American motorcycle racer

Kent Stotz is an American motorcycle racer and founder of the Stotz Racing motorcycle team. Stotz has won 4 AMA Prostar Street Bike Shootout National Championships and broken the speed record multiple times.

==Early career==
Stotz began motorcycle racing at the age of 19. He started in motocross, but was told he was too old to go to nationals. He then turned to drag racing. From 1981 to 1986 he worked with T.J. Hofmeister on the Mr. Turbo Funny Bike team as a mechanic and racer. Stotz worked closely with the AMA to develop rules that would eventually govern the AMA/Prostar Streetbike Shootout class.

==Stotz Racing==
Kent started Stotz Racing in 1992, winning his first championship in 1995. After his new title though, his family and home business started to take time out of the time spent on the track. It wasn't until 1998 that he had won his next AMA Prostar championship. In 1999, he was called by Charlie Keller of the Honda Rider's Club of America and was asked to use their CBR1100XX in trade for a sponsorship.

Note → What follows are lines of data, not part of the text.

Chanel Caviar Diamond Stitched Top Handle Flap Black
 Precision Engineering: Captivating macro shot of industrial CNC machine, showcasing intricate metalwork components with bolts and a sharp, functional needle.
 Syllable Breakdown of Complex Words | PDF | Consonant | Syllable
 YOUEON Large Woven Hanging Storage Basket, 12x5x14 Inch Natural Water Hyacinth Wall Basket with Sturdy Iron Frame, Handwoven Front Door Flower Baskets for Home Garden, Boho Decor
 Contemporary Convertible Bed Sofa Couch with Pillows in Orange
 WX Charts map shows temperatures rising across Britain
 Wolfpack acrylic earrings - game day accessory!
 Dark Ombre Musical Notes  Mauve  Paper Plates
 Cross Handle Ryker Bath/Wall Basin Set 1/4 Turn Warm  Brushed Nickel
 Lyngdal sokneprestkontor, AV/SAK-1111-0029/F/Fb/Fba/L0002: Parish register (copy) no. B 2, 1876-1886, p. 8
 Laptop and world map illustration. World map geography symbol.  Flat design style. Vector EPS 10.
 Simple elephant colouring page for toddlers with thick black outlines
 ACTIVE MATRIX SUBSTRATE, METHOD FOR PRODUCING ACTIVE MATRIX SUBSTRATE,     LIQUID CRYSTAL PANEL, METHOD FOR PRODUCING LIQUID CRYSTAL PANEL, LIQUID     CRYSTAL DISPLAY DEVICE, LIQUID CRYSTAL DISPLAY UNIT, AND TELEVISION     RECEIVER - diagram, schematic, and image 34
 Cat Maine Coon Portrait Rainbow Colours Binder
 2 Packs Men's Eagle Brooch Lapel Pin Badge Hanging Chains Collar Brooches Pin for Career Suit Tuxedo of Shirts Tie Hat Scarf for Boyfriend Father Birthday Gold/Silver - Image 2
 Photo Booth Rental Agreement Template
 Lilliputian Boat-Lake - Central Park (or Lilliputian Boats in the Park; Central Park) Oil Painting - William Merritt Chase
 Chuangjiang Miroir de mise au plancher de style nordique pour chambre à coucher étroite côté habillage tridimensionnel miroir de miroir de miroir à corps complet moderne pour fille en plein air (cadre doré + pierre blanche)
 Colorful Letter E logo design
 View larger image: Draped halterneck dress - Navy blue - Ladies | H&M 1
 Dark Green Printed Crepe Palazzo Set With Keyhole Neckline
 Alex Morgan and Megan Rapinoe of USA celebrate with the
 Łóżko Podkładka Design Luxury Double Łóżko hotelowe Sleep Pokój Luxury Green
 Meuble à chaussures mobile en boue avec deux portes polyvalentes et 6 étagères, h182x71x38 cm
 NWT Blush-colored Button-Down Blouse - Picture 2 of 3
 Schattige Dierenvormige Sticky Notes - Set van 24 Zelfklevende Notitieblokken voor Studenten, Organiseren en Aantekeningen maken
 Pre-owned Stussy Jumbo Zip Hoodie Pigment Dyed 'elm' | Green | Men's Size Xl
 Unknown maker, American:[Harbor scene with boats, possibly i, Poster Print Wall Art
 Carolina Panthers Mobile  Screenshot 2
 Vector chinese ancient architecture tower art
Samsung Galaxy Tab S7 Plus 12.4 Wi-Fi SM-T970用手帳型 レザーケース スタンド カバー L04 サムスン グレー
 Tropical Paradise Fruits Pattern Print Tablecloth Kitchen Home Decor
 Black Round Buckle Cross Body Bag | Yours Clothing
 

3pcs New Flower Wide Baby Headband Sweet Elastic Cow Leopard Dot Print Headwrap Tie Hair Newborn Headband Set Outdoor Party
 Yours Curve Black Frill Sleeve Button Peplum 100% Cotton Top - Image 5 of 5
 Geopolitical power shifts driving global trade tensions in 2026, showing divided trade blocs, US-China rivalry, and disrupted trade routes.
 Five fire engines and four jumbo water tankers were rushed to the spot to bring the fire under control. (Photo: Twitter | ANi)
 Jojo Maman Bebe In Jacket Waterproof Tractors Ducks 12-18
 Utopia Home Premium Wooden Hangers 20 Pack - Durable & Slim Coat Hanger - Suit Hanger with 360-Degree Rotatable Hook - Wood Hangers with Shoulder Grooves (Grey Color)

In 1999, he set a new speed record of 180.75 mph. The very next year he broke it again and set the bar to 185.15 mph. In 2001, he set the national record for time and speed at 7.75 seconds at 189.31 mph and won his third championship. His fourth and final championship came in 2002. In 2004, he broke the national records 7 times and was the first person to set a 200 mph record.